* [ABOUT THIS EXERCISE]: With every picture left out, give the data below back exactly.

* [DATASET EXCERPTS]:
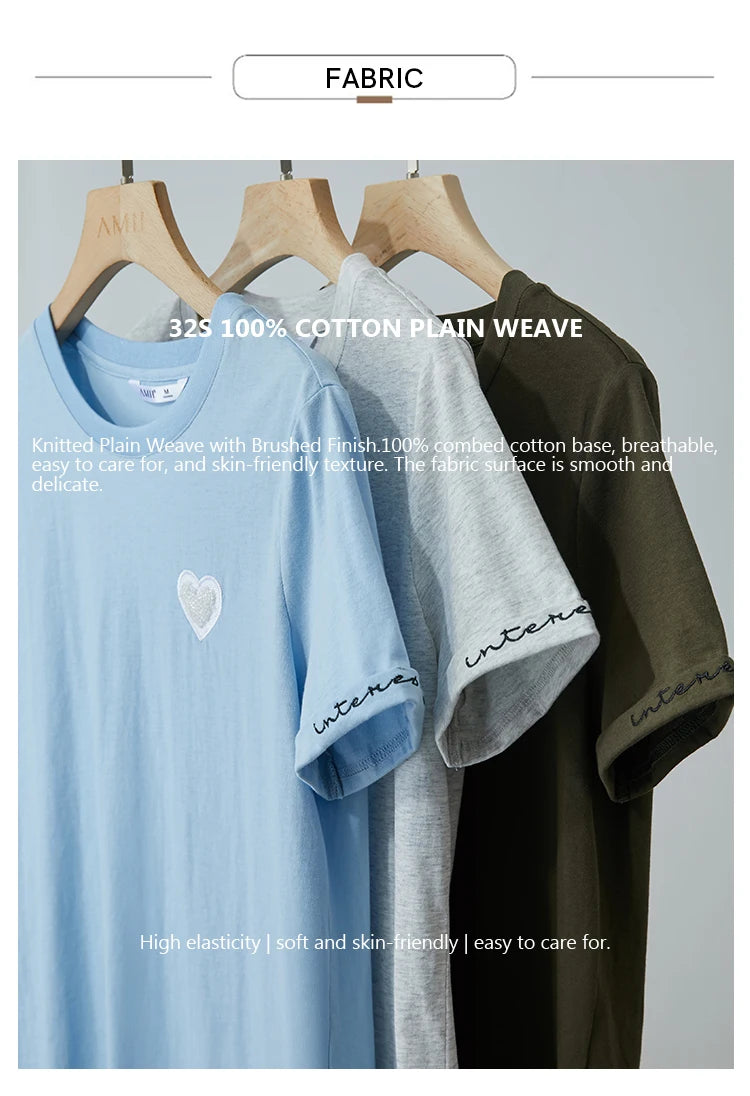 Damen T-Shirt im minimalistischen Stil mit bestickten Liebesperlen für den Sommer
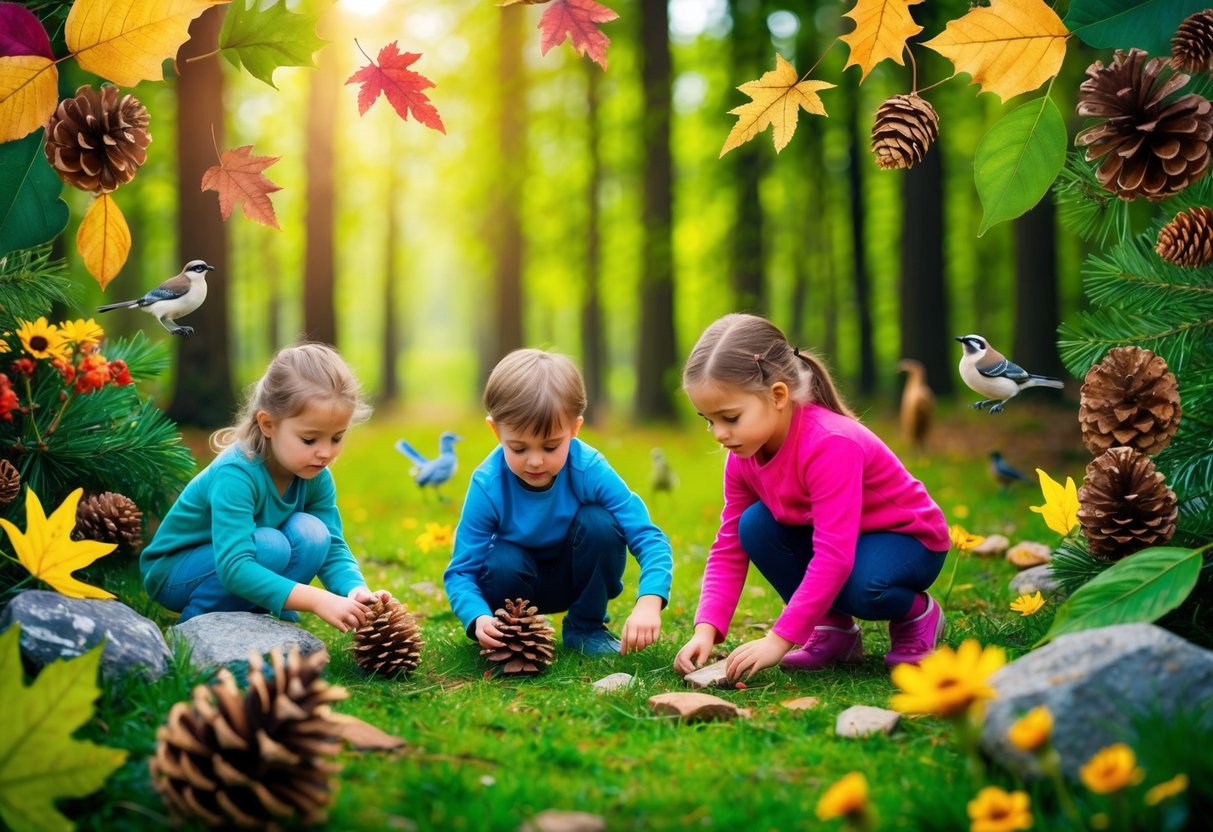 Children searching for items in a vibrant, lush forest: colorful leaves, pinecones, flowers, and rocks, while birds and small animals frolic nearby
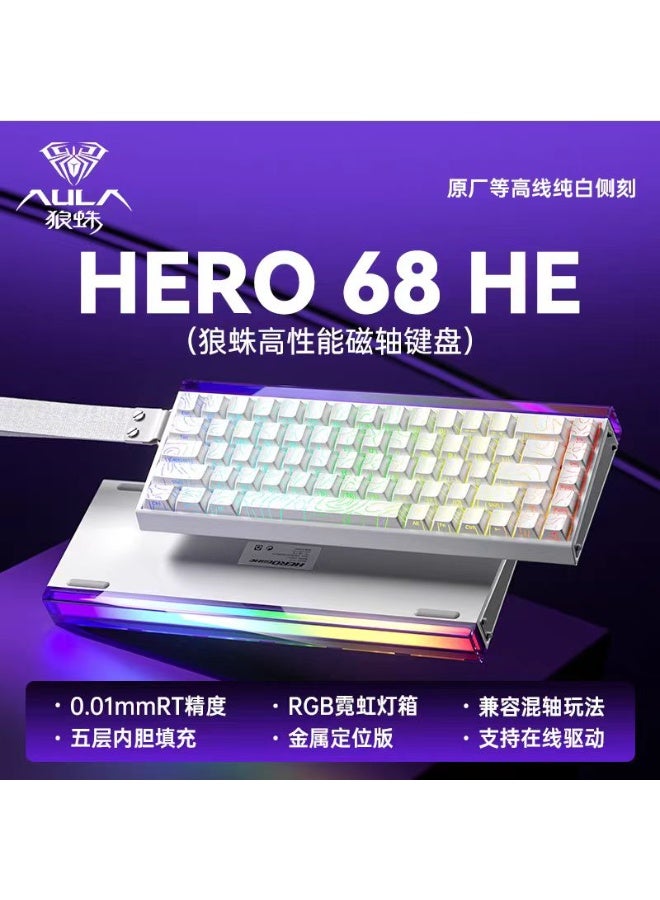 AULA Hero68HE Magnetic Axis Gaming Keyboard, 68-Key Compact Layout, Rapid Trigger RT Technology, 0.01mm Precision Adjustment, 8000Hz Polling Rate, RGB Backlit, Wired Mechanical Keyboard for FPS Games（Black Frosted Translucent Edge） - Image 1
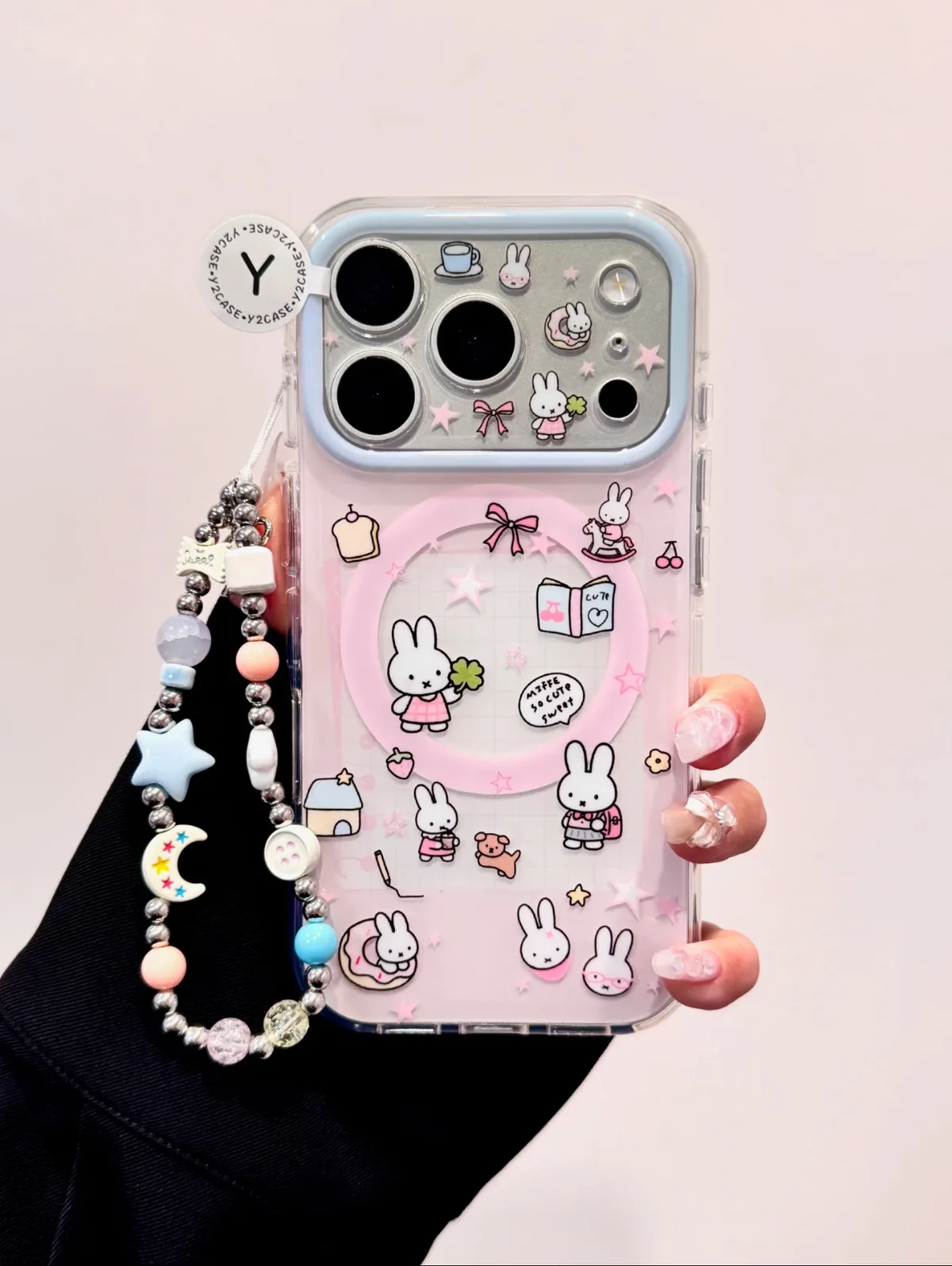 Miffy Pastel Blue Pink Grid With Beaded Strap Phone Case for iPhone 17 16 15 Pro Max — MagSafe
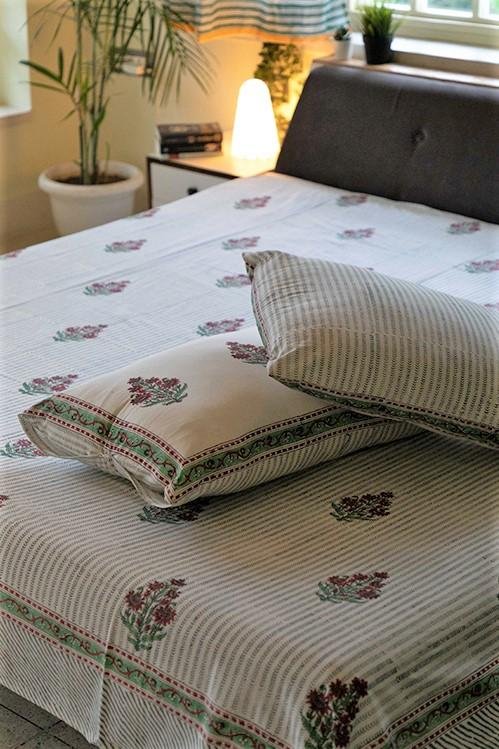 Sootisyahi 'Garden Climbers' Handblock Printed Cotton Bedsheet - SootiSyahi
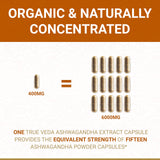 True Veda Ashwagandha 140g back view showing ingredients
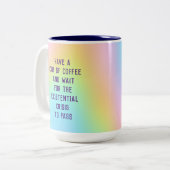 「実存的危機が去るのを待つ」2つのトーン ツートーンマグカップ (正面左)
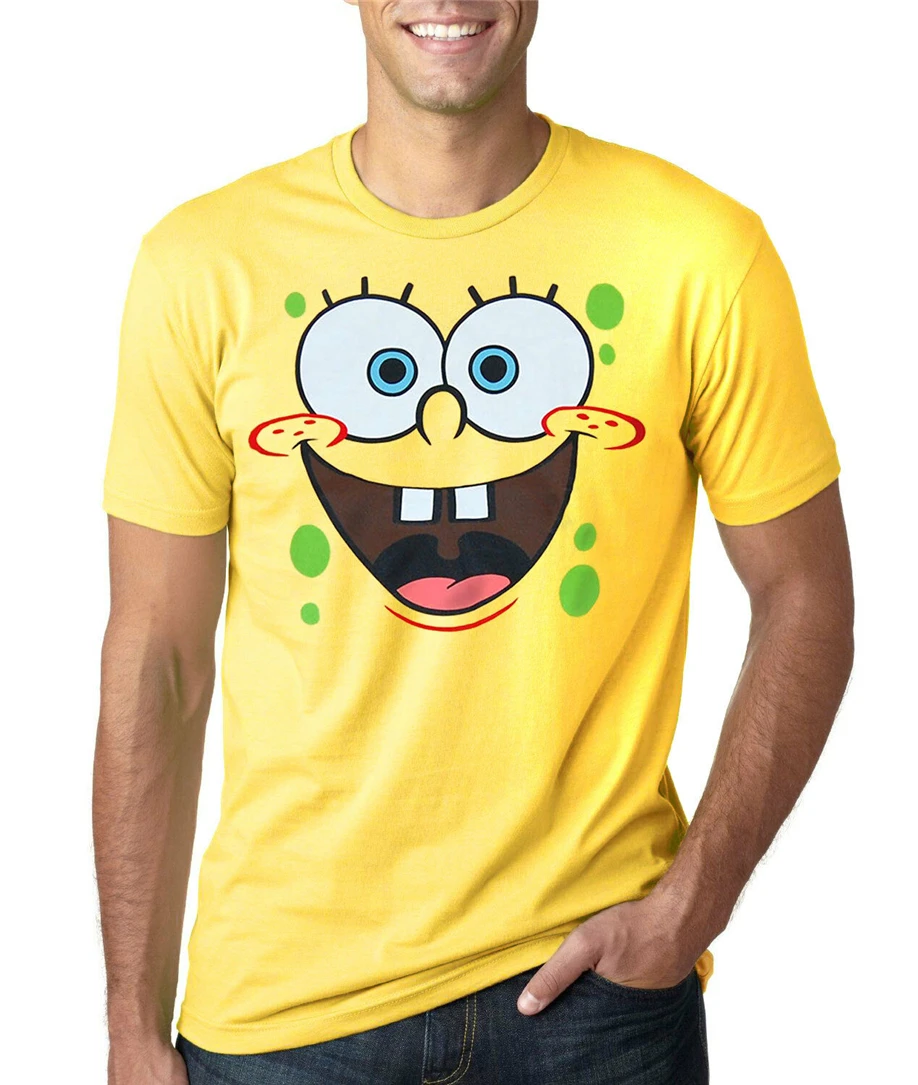 

Spongebob Face Adult T-Shirt New Free Shipping Light Tee Shirt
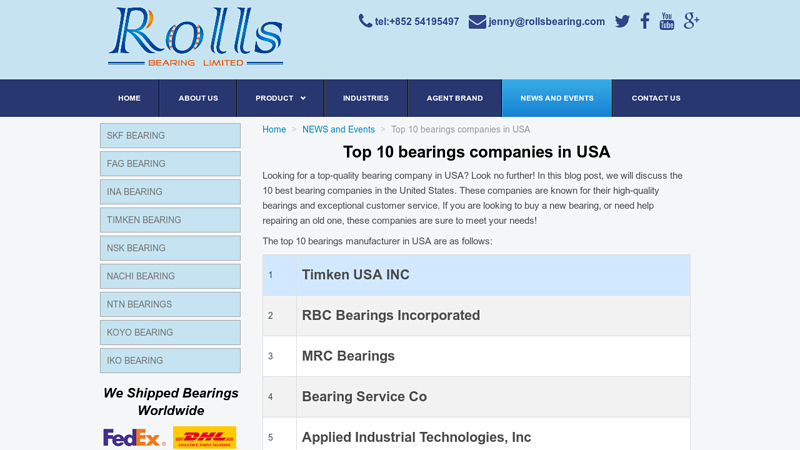 bearings companies in USA motor parts and bearings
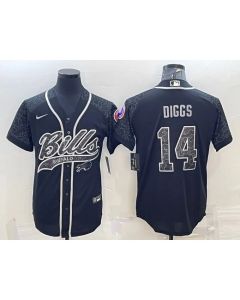 Men's Buffalo Bills #14 Stefon Diggs Black Reflective With Patch Cool Base Stitched Baseball Jersey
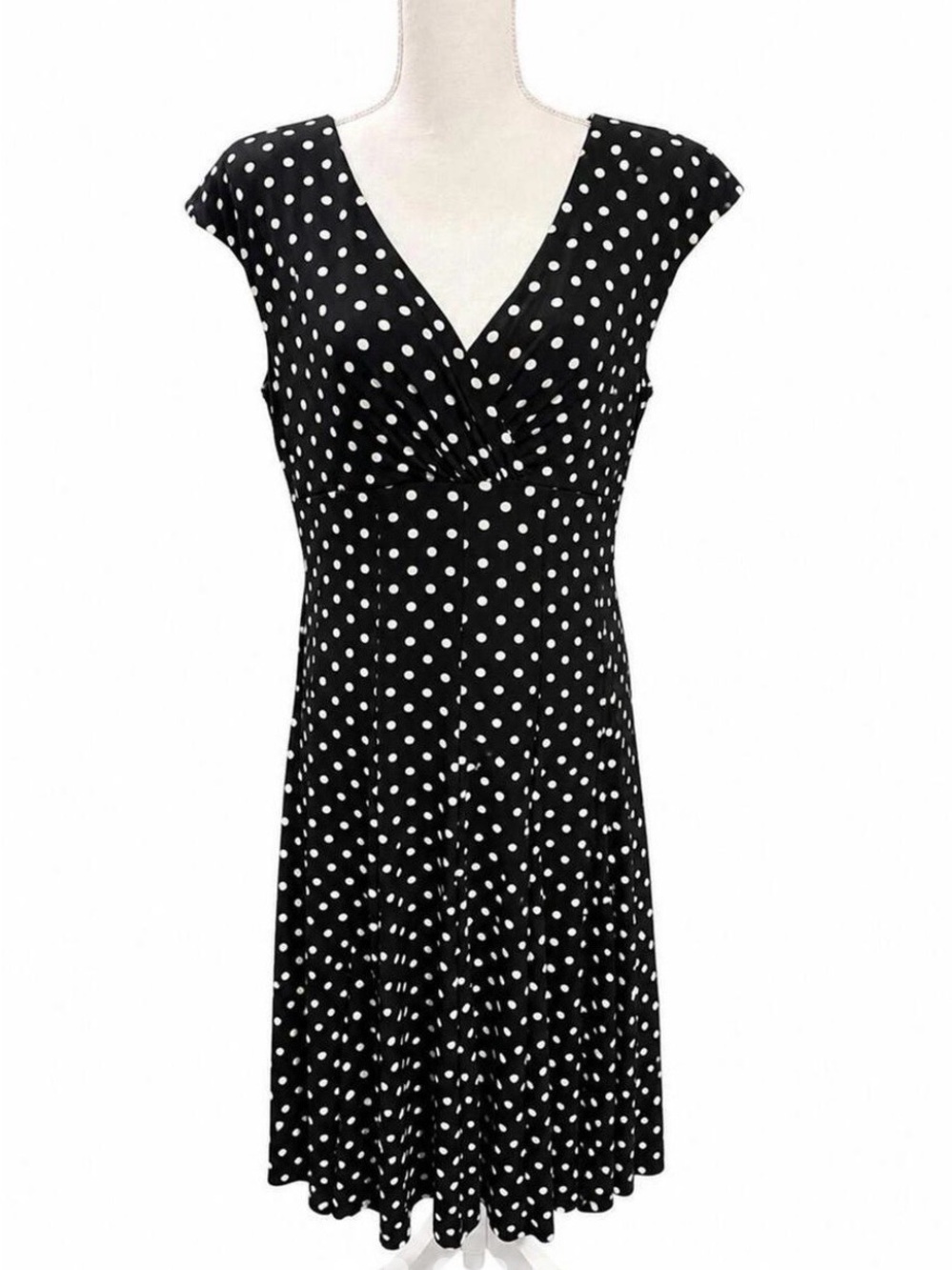 Ralph Lauren Black and White Polka Dot Midi Dress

* [WRITTEN ANSWER]:
 Damen T-Shirt im minimalistischen Stil mit bestickten Liebesperlen für den Sommer
 Children searching for items in a vibrant, lush forest: colorful leaves, pinecones, flowers, and rocks, while birds and small animals frolic nearby
 AULA Hero68HE Magnetic Axis Gaming Keyboard, 68-Key Compact Layout, Rapid Trigger RT Technology, 0.01mm Precision Adjustment, 8000Hz Polling Rate, RGB Backlit, Wired Mechanical Keyboard for FPS Games（Black Frosted Translucent Edge） - Image 1
 Miffy Pastel Blue Pink Grid With Beaded Strap Phone Case for iPhone 17 16 15 Pro Max — MagSafe
 Sootisyahi 'Garden Climbers' Handblock Printed Cotton Bedsheet - SootiSyahi
 True Veda Ashwagandha 140g back view showing ingredients
 「実存的危機が去るのを待つ」2つのトーン ツートーンマグカップ (正面左)

Spongebob Face Adult T-Shirt New Free Shipping Light Tee Shirt
 bearings companies in USA motor parts and bearings
 Men's Buffalo Bills #14 Stefon Diggs Black Reflective With Patch Cool Base Stitched Baseball Jersey
 Ralph Lauren Black and White Polka Dot Midi Dress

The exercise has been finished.